**What you are asked to do**:
Repeat exactly the lines of the records below, starting at the line containing "knight of goddess, briar boleyn" and ending at the line containing "Volkswagen Touareg 45 interauto-car". Leave the pictures out.

**Supplied material**:

§ §

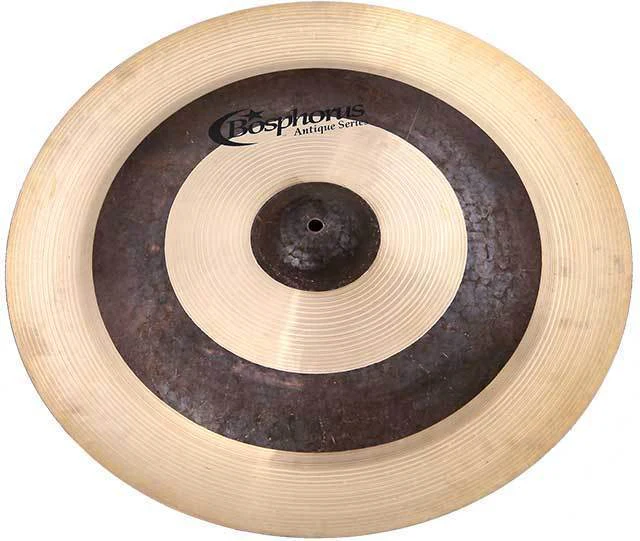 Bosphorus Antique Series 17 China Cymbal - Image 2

§ §

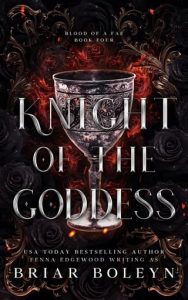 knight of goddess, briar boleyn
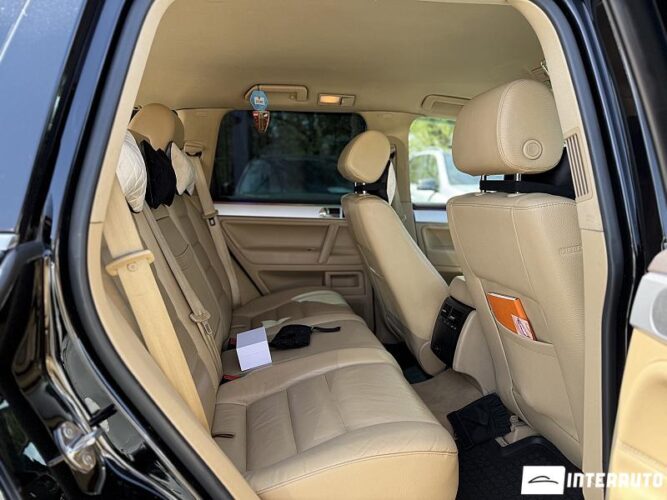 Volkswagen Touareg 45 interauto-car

§ §

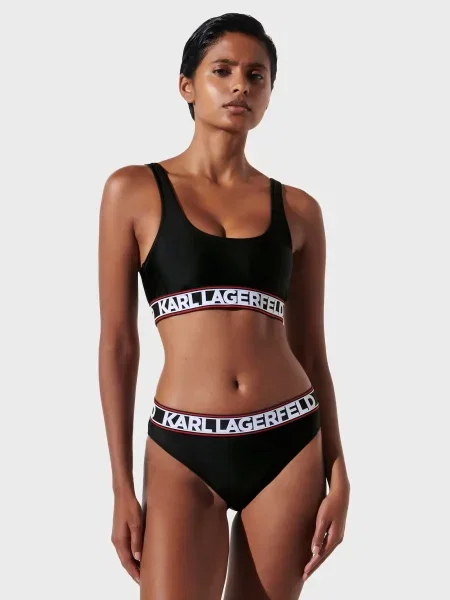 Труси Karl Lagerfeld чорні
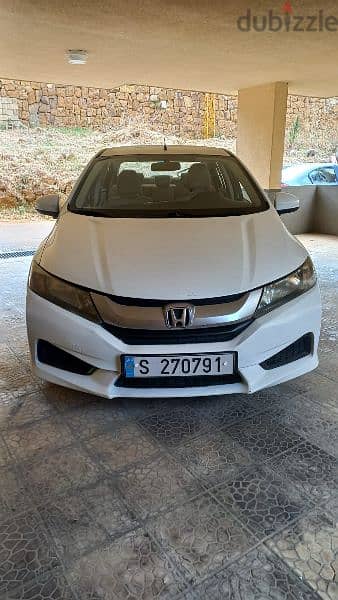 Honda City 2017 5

§ §

**Written solution**:
 knight of goddess, briar boleyn
 Volkswagen Touareg 45 interauto-car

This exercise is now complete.